Bisnis.com, JAKARTA — Kementerian Energi dan Sumber Daya Mineral (ESDM) mencatat pemanfaatan bahan bakar nabati (BBN) campuran 40% biodiesel atau B40 mencapai 6,8 juta kiloliter (KL) per Juni 2025.
Angka itu baru mencapai 50,4% dari target pemanfaatan B40 tahun ini yang sebesar 13,5 juta KL.
Menteri ESDM Bahlil Lahadalia menyampaikan, implementasi B40 itu dilakukan untuk public service obligation (PSO) maupun non-PSO.
"Ini biodiesel B40 target kita kan 13,5 juta KL di 2025 realisasinya sudah 6,8 juta KL. Artinya 50,4% dan insyaallah akan terjadi [mencapai target]," kata Bahlil dalam konferensi pers di Jakarta, Senin (11/8/2025).

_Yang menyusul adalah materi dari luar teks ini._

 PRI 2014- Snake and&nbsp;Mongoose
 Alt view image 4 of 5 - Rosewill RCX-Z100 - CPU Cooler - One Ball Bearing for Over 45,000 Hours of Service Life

Menurutnya, pemanfaatan B40 mampu menciptakan penghematan devisa pada 2025 sebesar US$3,68 miliar atau Rp 60,37 triliun.
Kendati, Bahlil mengatakan pihaknya tengah mengkaji formula agar industri non PSO bisa membeli B40 dengan harga lebih terjangkau.
Baca Juga
"Kami lagi cari regulasi agar industri bisa pakai B40 dengan harga terjangkau," katanya.
Tantangan Implementasi B40
Asosiasi Produsen Biofuel Indonesia (Aprobi) mengungkapkan, pengimplementasian biodiesel masih memiliki tantangan. Menurut Sekretaris Jenderal (Sekjen) Aprobi Ernest Gunawan, tantangan itu seperti kebutuhan minyak sawit mentah (crude palm oil/CPO).
Dia mengatakan, kebutuhan solar keseluruhan nasional sekitar 40 juta kl. Artinya, jika pemerintah ingin mengimplementasikan B50 pada tahun depan, maka dibutuhkan Fatty Acid Methyl Ester (FAME) sekitar 20 juta kl.
FAME merupakan bahan bakar nabati yang dihasilkan dari proses transesterifikasi minyak sawit dengan metanol.
"Itu memang PR kita bersama diharapkan para petani sawit bisa meningkatkan produktivitas kebunnya," ucap Ernest beberapa waktu lalu.
Tantangan selanjutnya adalah terkait kualitas. Dia mengingatkan agar produsen dapat mempertahankan bahkan meningkatkan kualitas biodiesel. Lalu, tantangan lainnya adalah kesiapan logistik dan infrastruktur baik pada titik serah maupun titik suplai.
Ernest mengatakan, tantangan lainnya adalah terkait disparitas harga antara biodiesel dengan solar. Pihaknya berharap disparitas harga itu mengecil.
Tantangan berikutnya, yakni terkait penanganan dan penyimpanan. Ernest menuturkan, belajar dari pengalaman yang lalu, produsen terus mengupayakan kualitas dari penanganan dan penyimpanan biodiesel. Menurutnya, hal ini memerlukan kerja sama semua pihak.
"Kami terus mengupayakan kualitas biodiesel agar sekarang bisa mempersiapkan sarana prasarana jika ke depannya akan presentasi blending yang lebih tinggi," jelas Ernest.